Division 2. Based upon our essential question, “What really matters?” Division 2 Arts and Humanities students explored global issues focusing first on two nation case studies followed by a broader exploration of cultural identity in a post-colonial world.   Our first case study asked, What really matters in Mexico, Why, and How do we know?  Students examined cultural artifacts, Mexican literature and history, and Mexico’s unique muralist tradition (including a trip to Dartmouth College to view the Orozco murals there).  Students wrote an analytical essay about conflicting perspectives on Mexican history.   The study culminated with each student creating an original mural depicting a major theme of Mexican culture.  The next case study, China, began with an inquiry into the Tiananmen Square massacre of 1989.  Through a focused study of Chinese films, contemporary Chinese memoirs, and related history, students gained insight to fuel a debate, an original research project, an analytical essay, and a fictional memoir.    In February, we broadened our perspective on cross-cultural contact by studying the work of Jamaica Kincaid and her focus on third world-first world issues.  This work linked with a look at the geographical and economic implications of wealth and poverty on a global scale.  To round out the year, we continued our look at cross-cultural issues by reading several novels, learning the culture and history of the setting for each one (South Africa and the Dominican Republic), studying Shakespeare’s Tempest, and developing our performance skills.  Each student created an original monologue based on formal research into the cultural context surrounding the character they chose to depict.  Each student also wrote an original play which demonstrated their understanding of the elements of dramatic style.
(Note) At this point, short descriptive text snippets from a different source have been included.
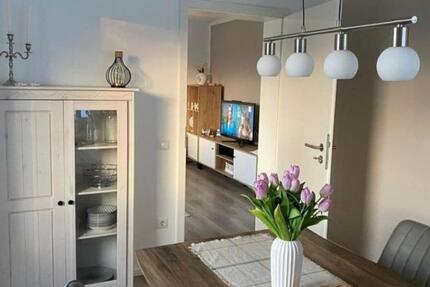 energetisch sanierte 70qm Wohnung in Nassig zu vermieten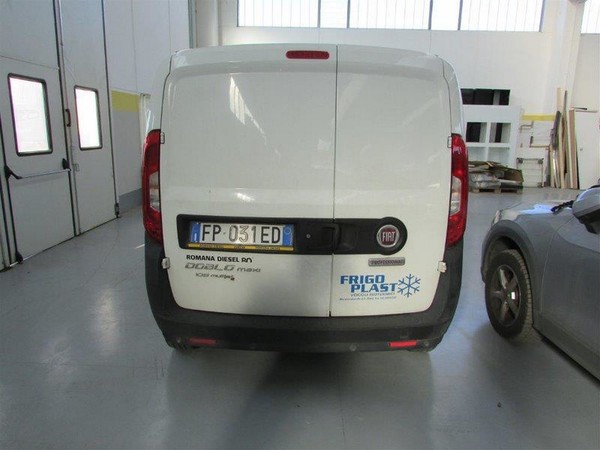 3#5188 Fiat Doblò 1.6 MJET in vendita - foto 2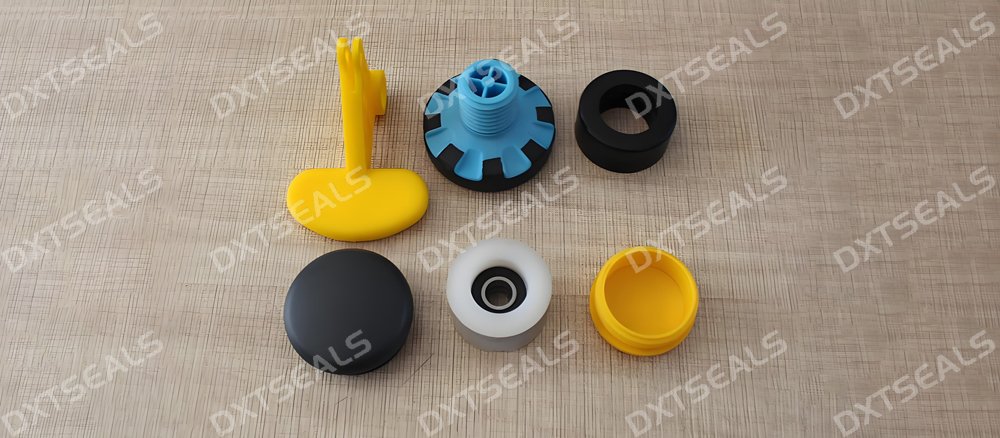 Typical Applications of Custom Plastic Parts in the Automotive, Electronics, and Medical Industries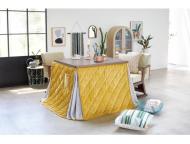 ハイタイプ用コタツふとん掛 SFHコデロS23 YE掛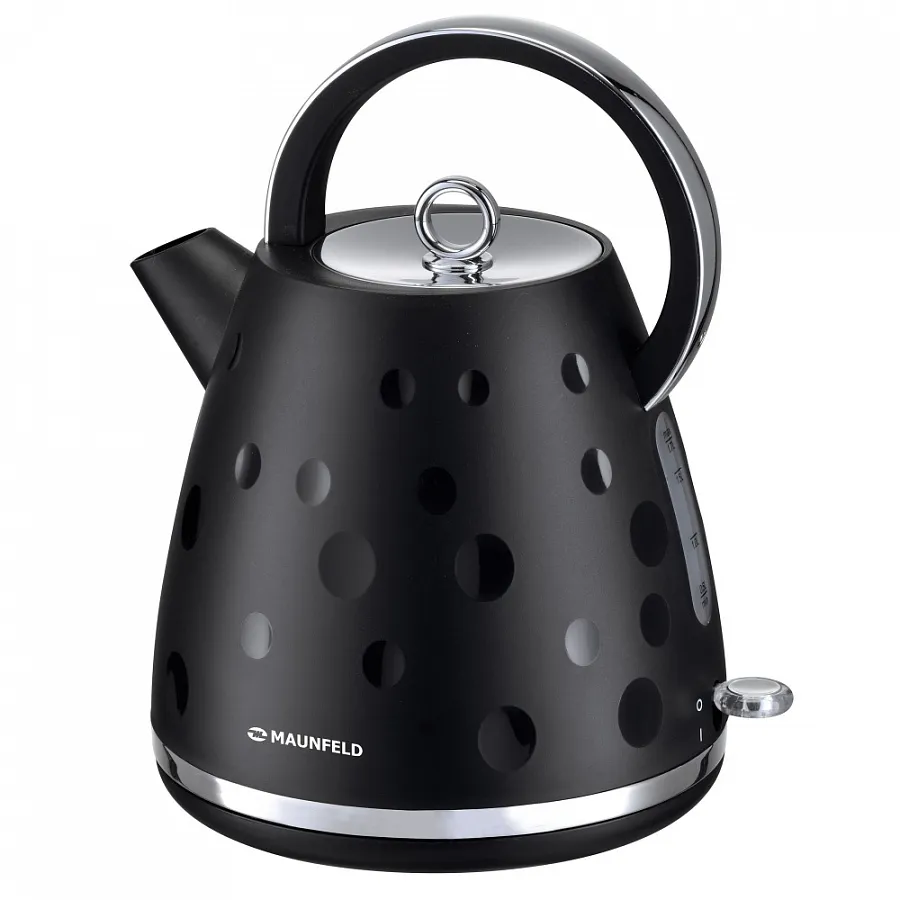 Фото товара: Maunfeld MFK-647BK электрический чайник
Division 3 Course  Selections

Note: In Division Three, students are offered a small array of classes from which to select in Arts and Humanities and in Math, Science and Technology.  The courses below may be quarter, semester or year-long offerings.

The Art of the Essay: Freeing the Writer's Voice

This course is devoted to understanding, appreciating, and writing various forms of the essay. As a class, students formed a community of writers and thinkers as they analyzed and composed a new essay each week. The first two weeks were spent reading Annie Dillard’s A Writer's Life and writing personal narratives, with subsequent weeks devoted to description, analogy, character analysis, argument/persuasion, and opinion. Careful consideration was paid to conventions and process, and students played a critical role in providing feedback for one another’s work.

Research Seminar

This course focuses on the skills of research.  Students undertook independent projects that resulted in either a paper, an oral presentation, or a piece of artistic expression.  They learned how to find good topics, how to become an effective investigator, how to manage a big process, and how to construct a meaningful presentation of findings. Several essential questions drove our work together:

1.      Why research?  Why work from a variety of sources?  Why document sources?

2.      What are essential questions and how does one find rich and worthy topics to investigate?

3.      How does a product demonstrate good research?

4.      How do you know what you say you know?

The projects could be on any topic in any discipline.  While there was choice in topic and in means of expression, the criteria for excellence in research were not a matter of choice.  Whatever their topic and medium, students had to work hard on the skills and habits involved in doing good research.

Visions of Australia

How does a nation started as a prison colony find pride in its heritage?  How does a once homogeneous population deal with its new diversity?  How does the modern nation face its aboriginal inhabitants? This course was primarily a cultural study, where our task was to look at a place and work to understand who the people are, what the land is like, and how different people see themselves and the society around them.  The following essential questions drove that study: 

1.      What is culture? 

2.      What are the elements of Australian culture?

3.      What are the myths and realities of life in Australia?

4.      What has shaped and what shapes these definitions?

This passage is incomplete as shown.